The results from a statewide telephone poll conducted earlier this month by Winthrop University showed that of the eight 2010 gubernatorial candidates only Lt. Governor Andre Bauer was well known by nearly 50 percent of the people. Winthrop pollster Dr. Scott Huffmon says he was not surprised by the results because a majority of voters don’t get focused until about six weeks before an election. Huffmon is a Political Science professor at Winthrop. Huffman says a number of factors will affect voters in a number of campaigns moving toward November, not the least of which will be the continued bombardment of information and misinformation from the 24 hour news monsters and political talk shows on television, radio, and the Internet.
“There has been research that has shown that as people are bombarded with more and more information, that have to use a heuristic to figure out which information should I listen to and which information I shouldn’t. What they ten to do is taking pieces of information that agree with their world view and say, ” I’ll listen to this and ignore everything else,” so they tend to get reinforced only about their view of the world.”
Huffmon says the myriad of political messages flowing through the air waves and on the Internet has worked to create some interesting political dynamics among the electorate. For some voters the constant din of talking heads and bloggers have pushed them toward apathy and disillusionment with the political process and government in general. For the most ardent politically-focused members of the electorate, these messages have tended to be more polarizing, as witnessed in part by the growth of the Tea Party movement.
“One is people are bombarded so more and more stuff is just washing over them without taking note. On the other hand the people that do tune in are getting more and more polarized and angry. So now we have a general population that is disconnecting and of the slice of the population that is plugged in, they’re getting moe ramped up in support of their side and hating those who disagree with their position and viewing them as the enemy. These things seem like they’re in conflict, but they’re both existing within the population.”
The U.S. Supreme Court in a January decision, struck down a major portion of a 2002 campaign finance reform law, saying it violates the free-speech right of corporations to engage in public debate of political issues. In a landmark 5-to-4 decision, the high court overturned a 1990 legal precedent and reversed a position it took in 2003, when a different lineup of justices upheld government restrictions on independent political expenditures by corporations during elections. The decision opens the gates for what campaign reform advocates warn will be a flood of corporate spending in future elections. Huffmon suspects that the decision will work to erode some of the advantage of being an incumbent.
“What we will see in this election cycle is the new Supreme Court rules as they apply to outside money flowing into campaigns. Those monies could affect primaries, so we may see incumbents challenged and to the degree that they are kicked out in the primaries, then you have in essence an open seat and you could see some real change there. We actually have a lot streams coming together in South Carolina for those paying attention that is going to make this an exciting year.”
Huffmon says ironically voter apathy during this election cycle may be created by an always important political issue, the economy.

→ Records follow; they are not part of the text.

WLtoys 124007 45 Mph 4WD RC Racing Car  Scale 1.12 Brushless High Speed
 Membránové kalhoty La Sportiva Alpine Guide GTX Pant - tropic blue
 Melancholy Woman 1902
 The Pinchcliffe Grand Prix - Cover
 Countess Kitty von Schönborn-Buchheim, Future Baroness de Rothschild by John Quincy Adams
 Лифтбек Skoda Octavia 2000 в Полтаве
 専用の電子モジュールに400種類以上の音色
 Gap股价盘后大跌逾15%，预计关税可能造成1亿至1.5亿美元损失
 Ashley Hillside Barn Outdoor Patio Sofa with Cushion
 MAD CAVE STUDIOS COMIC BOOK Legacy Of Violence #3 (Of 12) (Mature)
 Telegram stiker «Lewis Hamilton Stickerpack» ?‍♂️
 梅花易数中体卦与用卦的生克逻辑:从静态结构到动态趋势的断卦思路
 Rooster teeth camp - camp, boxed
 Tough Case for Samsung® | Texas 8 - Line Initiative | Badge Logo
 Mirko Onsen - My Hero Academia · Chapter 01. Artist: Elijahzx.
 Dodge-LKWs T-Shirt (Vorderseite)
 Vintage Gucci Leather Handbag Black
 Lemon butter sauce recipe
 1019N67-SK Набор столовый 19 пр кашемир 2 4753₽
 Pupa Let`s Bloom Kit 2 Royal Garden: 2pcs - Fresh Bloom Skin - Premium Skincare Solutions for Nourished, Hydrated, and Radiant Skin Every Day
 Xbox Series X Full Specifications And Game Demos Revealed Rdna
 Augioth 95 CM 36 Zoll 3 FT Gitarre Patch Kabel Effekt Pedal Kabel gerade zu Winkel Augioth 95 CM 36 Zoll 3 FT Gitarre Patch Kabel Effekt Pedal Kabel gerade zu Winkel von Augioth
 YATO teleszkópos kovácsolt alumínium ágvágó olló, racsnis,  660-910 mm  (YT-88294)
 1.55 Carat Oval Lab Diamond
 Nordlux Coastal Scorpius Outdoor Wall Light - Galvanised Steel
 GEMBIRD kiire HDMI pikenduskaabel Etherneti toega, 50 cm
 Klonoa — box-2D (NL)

Huffmon says as people continue to struggle to make ends meet during the recession they are not pay close attention to political events because they are in survival mode.
“People have their heads focused on their problems. An overwhelming majority of people who participated in the recent poll said they thought the economy was doing poorly and they thought it really wasn’t going to get better any time soon. There is a disconnect for many in the general population for the political events that are unfolding in the news that they should be tuning into, but being worried about your job, being worried about the economy just means that your head is somewhere else.”